Heeft u aangedrongen bij de Hoge Vertegenwoordiger van de Europese Unie Ashton, om gerichte sancties in te stellen, zoals het bevriezen van tegoeden, reisverboden en een wapenembargo? Zo nee, bent u bereid dit alsnog te doen?

Antwoord 2 en 3

Ja, ik heb zowel mondeling als schriftelijk de volgende maatregelen voorgesteld:

  • 1) Opschorting van het officiële EU-hulpprogramma met de Syrische autoriteiten en proces naar het EU-associatieakkoord (v.w.b. het hulpprogramma dient de opschorting alleen de relatie met de overheid te raken).

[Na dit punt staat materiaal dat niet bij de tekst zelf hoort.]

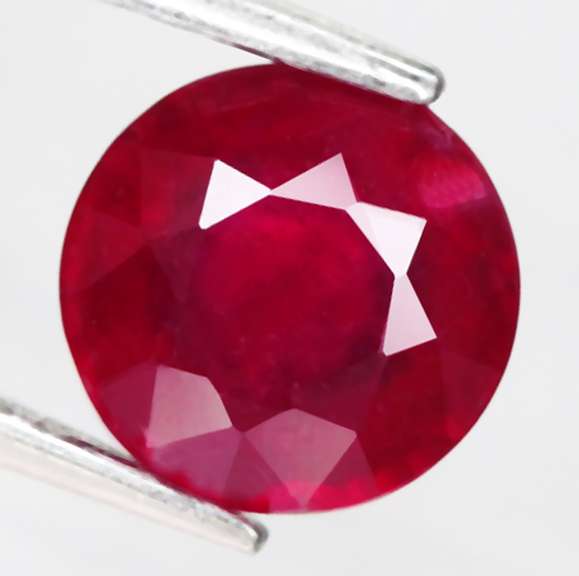 Stunning deep red 2.21ct Ruby solitaire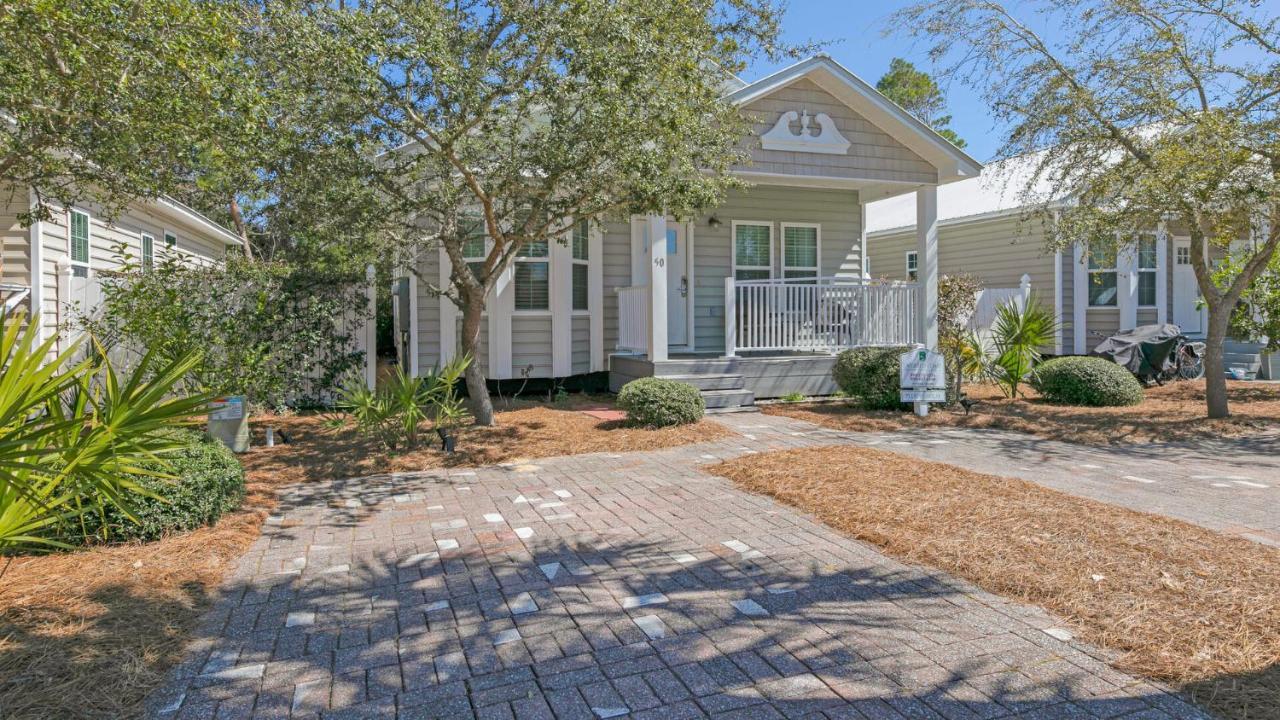 Pelican House - Newly Remodeled, Professionally Decorated, Only About 1 Mile To Seaside! サンタ・ローザ・ビーチ エクステリア 写真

  • 2) Sancties tegen verantwoordelijken van het geweld en instelling van een wapenembargo.

  • 3) Agendering van de situatie in de VNVR en de VN-Mensenrechtenraad.

  • 4) Voorkomen dat Syrië gekozen wordt in de VN-Mensenrechtenraad.

De VN-Mensenrechtenraad heeft het optreden van Syrië veroordeeld en opgeroepen tot een «fact-finding»-missie van het Hoge Commissariaat voor de Mensenrechten. De EU heeft inmiddels een wapenembargo en een verbod op de uitvoer van goederen bestemd voor interne repressie ingesteld. In haar verklaring van 29 april jl. kondigde de Hoge Vertegenwoordiger aan dat naast het nemen van aanvullende maatregelen, de EU het proces naar het Associatie-Akkoord opschort en het hulpprogramma tegen het licht zal houden. In haar verklaring van 9 mei kondigde de HV aan dat besloten was tot het instellen van een bevriezing van tegoeden en een reisverbod tegen 13 personen die verantwoordelijk gehouden kunnen worden voor het gewelddadig optreden van de autoriteiten tegen demonstranten.

Vraag 4

Op welke manier zult u, ook in EU- en VN-verband, samenwerken met Turkije om het Syrische regime een halt toe te roepen?

Antwoord 4

Ik ben van mening dat de inspanningen van de EU en Turkije elkaar in de regio kunnen versterken. Zo riep de Turkse premier Erdoğan het Syrische regime onlangs onder meer op tot onverwijlde democratisering. Gegeven de goede contacten van Turkije met de Syrische regering, is het van belang waar mogelijk – ook in EU- en VN-verband – gezamenlijk op te trekken. In elk geval blijven de regionale ontwikkelingen in consultaties met de Turkse regering aan de orde komen.

Vraag 5

Heeft u opgeroepen tot een buitengewone zitting van de VN-Mensenrechtenraad om de situatie in Syrië, maar ook in Bahrein en Jemen te bespreken? Zo nee, bent u bereid dit alsnog te doen?

Antwoord 5

Deze buitengewone zitting heeft op initiatief van de VS en met steun van Nederland, reeds plaatsgevonden, met de uitkomst zoals geschetst in het antwoord op vraag 2.

Vraag 6 en 7

Heeft u de Syrische autoriteiten klemmend verzocht om internationale waarnemers en journalisten in Syrië toe te laten? Zo nee, wanneer zal dit gebeuren?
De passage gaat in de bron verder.